** CASE: 1 WHEN SURFACE SMOOTH**

Fig(a) shows a body of weight W, sliding down on a smooth inclined plane.

Let,

θ = Angle made by inclined plane with horizontal

a = Acceleration of the body

m = Mass of the body = W/g

Since surface is smooth i.e. frictional force is zero. Hence the force acting on the body are its own weight W and reaction R of the plane.

The resolved part of W perpendicular to the plane is Wcos θ, which is balanced by R, while the resolved part parallel to the plane is Wsin θ, which produced the acceleration down the plane. Net force acting on the body down the plane.

F = W.sin θ, but F = m.a

m.a = m.g.sinθ

i.e. a = g.sin θ (For body move down due to self weight.)

and, a = -g.sin θ (For body move up due to some external force)

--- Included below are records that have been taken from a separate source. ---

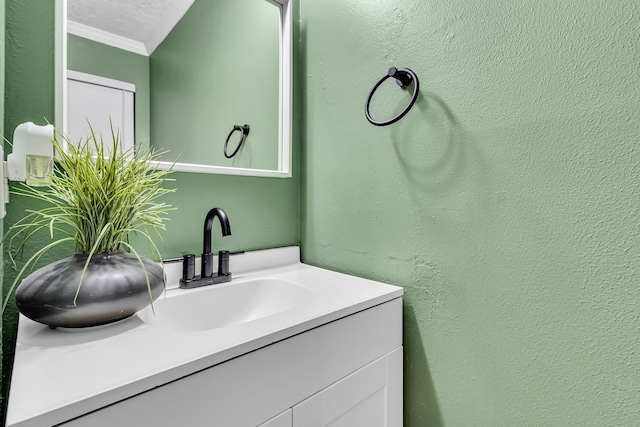 bathroom with vanity, crown molding, and a textured ceiling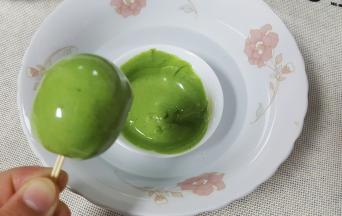 另取一个碗，将巧克力隔水融化，加入适量的抹茶粉或油溶性色素，将裏好白巧克力的棒棒糖，在绿色巧克力液中转一圈做成西瓜皮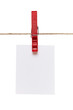 clothes peg and note paper on clothes line rope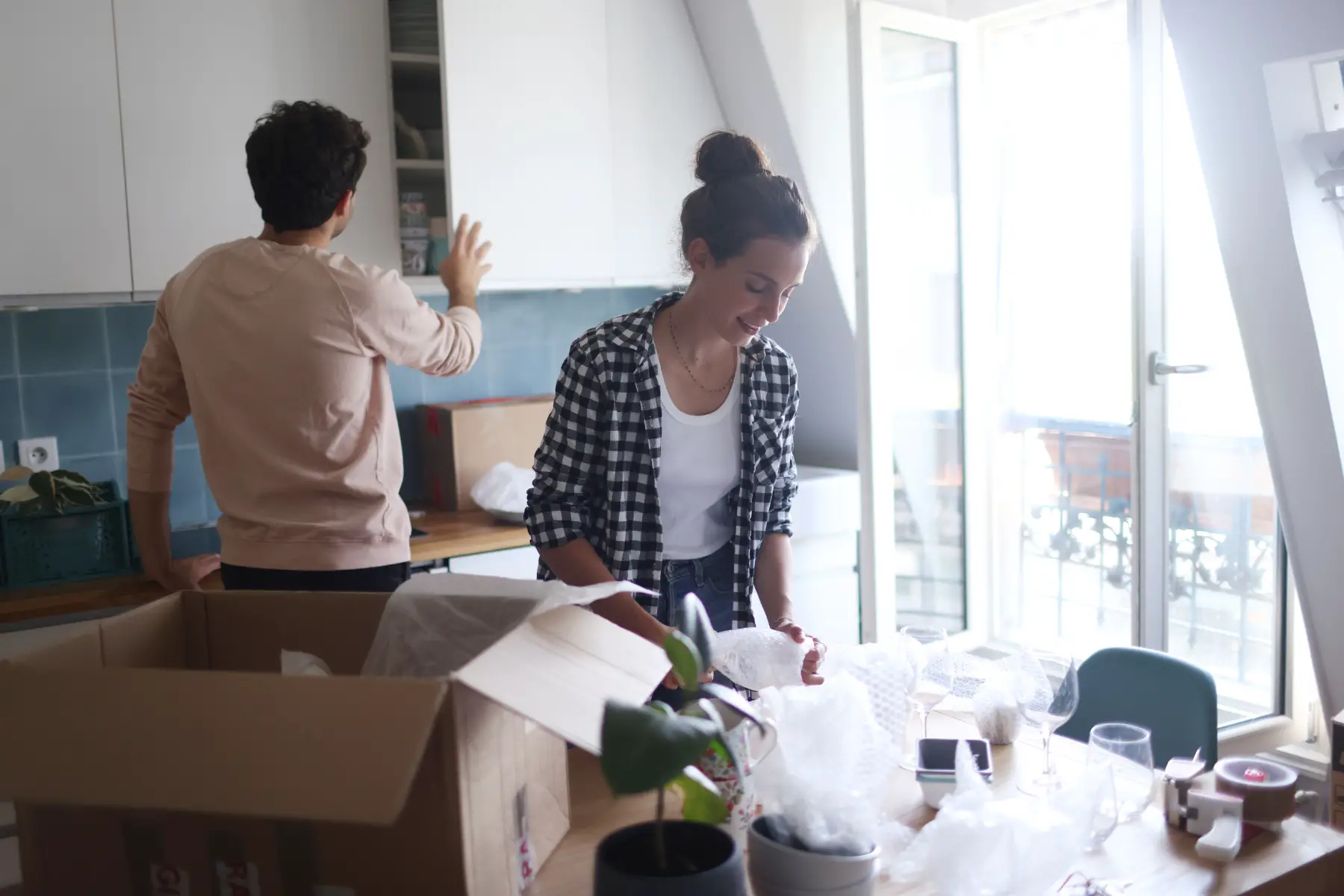 a couple packing up items in the kitchen using bubblewrap and cardboard boxes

**CASE: 2 WHEN ROUGH SURFACE **

Fig(b) shows a body of weight W, sliding down on a rough inclined plane.

Let,

θ = Angle made by inclined plane with horizontal

a = Acceleration of the body

m = Mass of the body = W/g

µ = Co-efficient of friction

F_{r} = Force of friction

when body tends to move down:

R = w.cosθ

F_{r} = µ.R = µ.W.cosθ

Net force acting on the body F = W.sinθ - µ.W.cosθ

i.e. m.a = W.sinθ - µ.W.cosθ

Put m = W/g we get

a = g.[sinθ - µ.cosθ] (when body tends to move down)

a = –g.[sinθ - µ.cosθ] (when body tends to move up)